Gamasutra: The Art & Business of Making Gamesspacer
View All     RSS
September 18, 2018
arrowPress Releases
  • Editor-In-Chief:
    Kris Graft
  • Editor:
    Alex Wawro
  • Contributors:
    Chris Kerr
    Alissa McAloon
    Emma Kidwell
    Bryant Francis
    Katherine Cross
  • Advertising:
    Libby Kruse






If you enjoy reading this site, you might also want to check out these UBM Tech sites:


 

Comparison and Analysis of GPU Resource Update Strategies

by Egor Yusov on 09/12/18 10:41:00 am

The following blog post, unless otherwise noted, was written by a member of Gamasutra’s community.
The thoughts and opinions expressed are those of the writer and not Gamasutra or its parent company.

 

Introduction

Efficiently supplying data to the graphics processing unit (GPU) is essential for a 3D renderer or any other application that harnesses the power of modern GPUs. As CPU and GPU usually have separate memory systems and perform operations in different timelines, it is not always as straightforward as simply writing bytes at a given address. In fact, the optimal way depends on the expected usage scenario.  This article describes different ways a resource can be updated in Diligent Engine (a modern cross-platform low-level graphics library) as well as important internal details and performance implications related to each method.

Buffers

Buffers represent linear memory and are the most basic resource type. In Diligent Engine the data can be written to a buffer during initialization, as well as at run time using one of the methods described in this paragraph.

Buffer Initialization

The most basic way to supply data into a buffer is to provide it at initialization time, for example:

// Create index buffer
BufferDesc IndBuffDesc;
IndBuffDesc.Name = "Cube index buffer";
IndBuffDesc.Usage = USAGE_STATIC;
IndBuffDesc.BindFlags = BIND_INDEX_BUFFER;
IndBuffDesc.uiSizeInBytes = sizeof(Indices);
BufferData IBData;
IBData.pData = Indices;
IBData.DataSize = sizeof(Indices);
pDevice->CreateBuffer(IndBuffDesc, IBData, &m_CubeIndexBuffer);

The buffer usage defines how often its content is expected to change. USAGE_STATIC buffers cannot be updated after being created and initial data must always be provided. USAGE_DEFAULT buffers are expected to be updated occasionally, while USAGE_DYNAMIC buffers are optimized for very frequent updates.
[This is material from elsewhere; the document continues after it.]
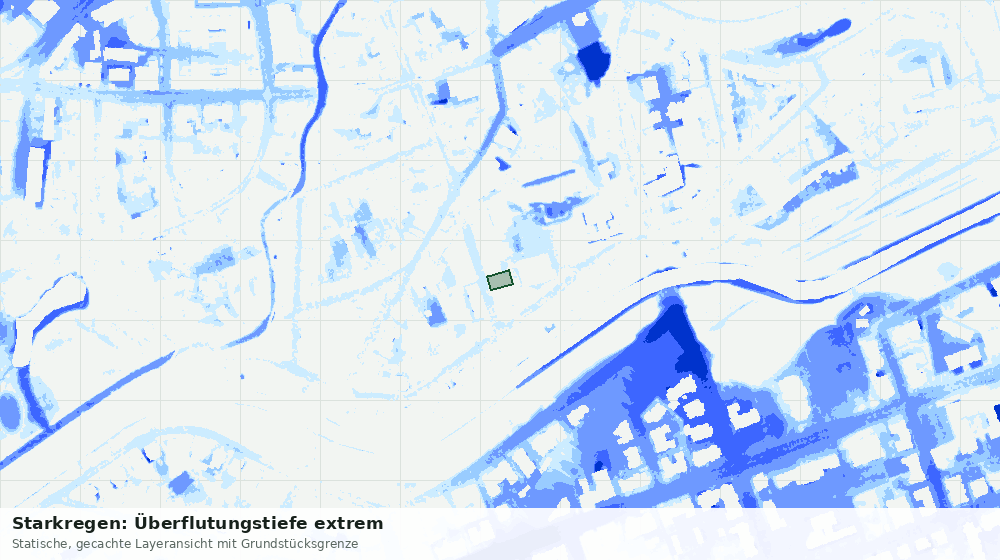 Statische Kartenansicht: Starkregen: Überflutungstiefe extrem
What happens internally depends on the native API. For OpenGL/GLES, the operation directly translates to glBufferData. In Direct3D11 backend, the initial data is passed over to ID3D11Device::CreateBuffer method. In next-gen backends, USAGE_STATIC and USAGE_DEFAULT buffers are allocated in GPU-only memory that is not directly accessible by CPU. To initialize the buffer, Diligent Engine creates a temporary staging buffer that is allocated in a memory visible to CPU, copies the data to this temporary buffer and then issues a GPU-side copy command. As soon as the command completes, temporary buffer is released and the staging memory is returned to the system. USAGE_DYNAMIC cannot be initialized this way and are described later in this paragraph.

There are different ways to update the buffer data after it has been created that are described below.

Updating buffers with IBuffer::UpdateData()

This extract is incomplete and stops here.